Time at the monastery was over quickly and life is like a dream. It was hard for us to say good bye to gentle boy monks. The monks gave us mongolian blue scarves saying "RINPOCHE GALAY PEB" in Tibetan and running after our car. Some of us in tears. Sad to leave Amarbayasgalant.
When we got to UB our friend Gerlee said that Zava Damdin Rinpoche said we are going to Dundgobi (central Gobi) Monastery the following afternoon. We were all excited to travel to the Gobi monastery for a few days. We arrived at Delgeruun Choira Monastery at 9 pm after traveling by jeep for 6 hours on a dirt road with lots bumps and holes. It was a wonderful trip, and we got small taste of traveling in the Gobi Desert.
I was very inspired by Zava Damdin Rinpoche's dedication to rebuild the monastery of his previous incarnations. There were 900 monks at Delgerstog Choira Monastery before 1939. This monastery was one of the best monastery for debate and logic and philosophic studies in Mongolia. The previous Zava Damdin Rinpoche was a great Mahasiddha and scholar from the central Gobi. He wrote 16 volumes of commentaries of sutras and tantras and many sadhanas.
Zava Damdin Rinpoche raised funds to rebuild the Delgerstog Choira temple. The construction of the temple is underway. Rinpoche's brother, an artist and tangka painter, and three others are working seven days a week. They are committed to completing the main temple before snow comes to the Gobi. The tile roof for the Gobi temple arrived by train from Beijing day before we left Mongolia. Zava Damdin Rinpoche would like to build a kitchen, a shower, and put up ger yurts for retreat monks, nuns, and lay people.
nomadic herders, and their camels came over to see us. We went
for walks, watched the sunrise and sunset, and meditated here
and there. Some local families and 80-year-old ladies came to
receive blessings and they circumambulated around my yurt and
Zava Rinpoche's yurt every morning.
Choira temple is ideal place for people who would like to do meditation
retreats, because life in the Gobi is very peaceful and there
are no distractions except your own mind.

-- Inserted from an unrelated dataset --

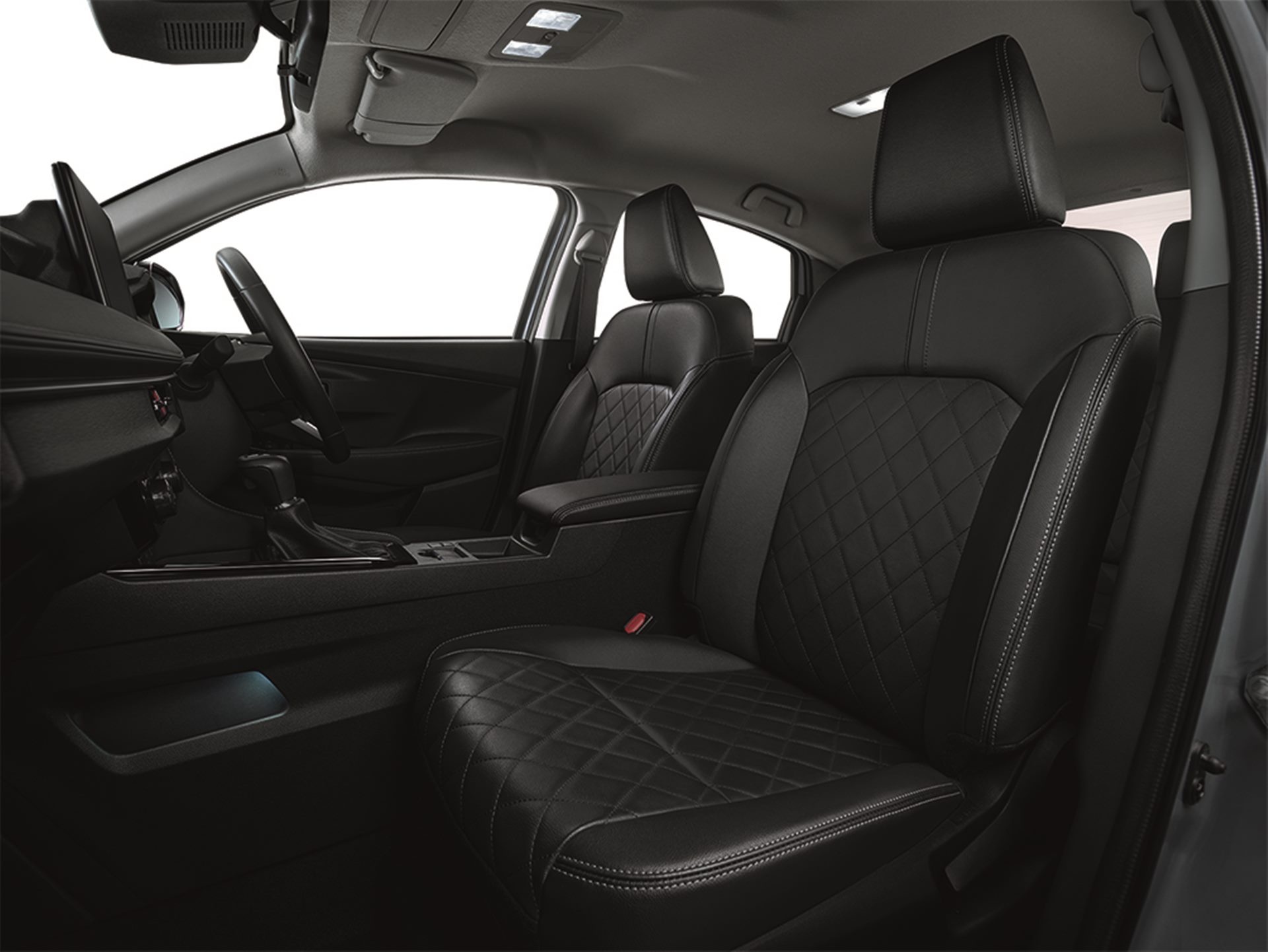 Toyota Yaris ATIV NIGHTSHADE โตโยต้า ยาริส ปี 2024 : ภาพที่ 8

Dolma is one of the nuns who remembered how the Russian and Mongolian Stalinist army destroyed Delgeruun Monastery in 1939. The soldiers took away most of the monks to labour camps as far as Siberia and Dolma never saw them again. Dolma remembered how some of the monks saved Dharma objects such as statues and books by putting them in pots and then loaded them on camels in the night and took them to the caves and buried them.
In 1991 when Mongolians were free again to worship and to rebuild monasteries, Dolma and some of her friends brought the Dharma objects back from the caves, and many of them are wonderfuly preserved. Dolma said she worked as a herder at the community collective farm for 40 years. Now Dolma is so happy to see that her monastery will be rebuilt and that the teachings of Lord Buddha and Lama Je Tsongkhpa will flourish once more in the Gobi Desert.
I would like to see the wish of Zava Damdin Rinpoche and Nun Dolma be fullfiled. Rebuilding Delgeruun Choira Gobi Monastery will be the next project for Gaden Relief.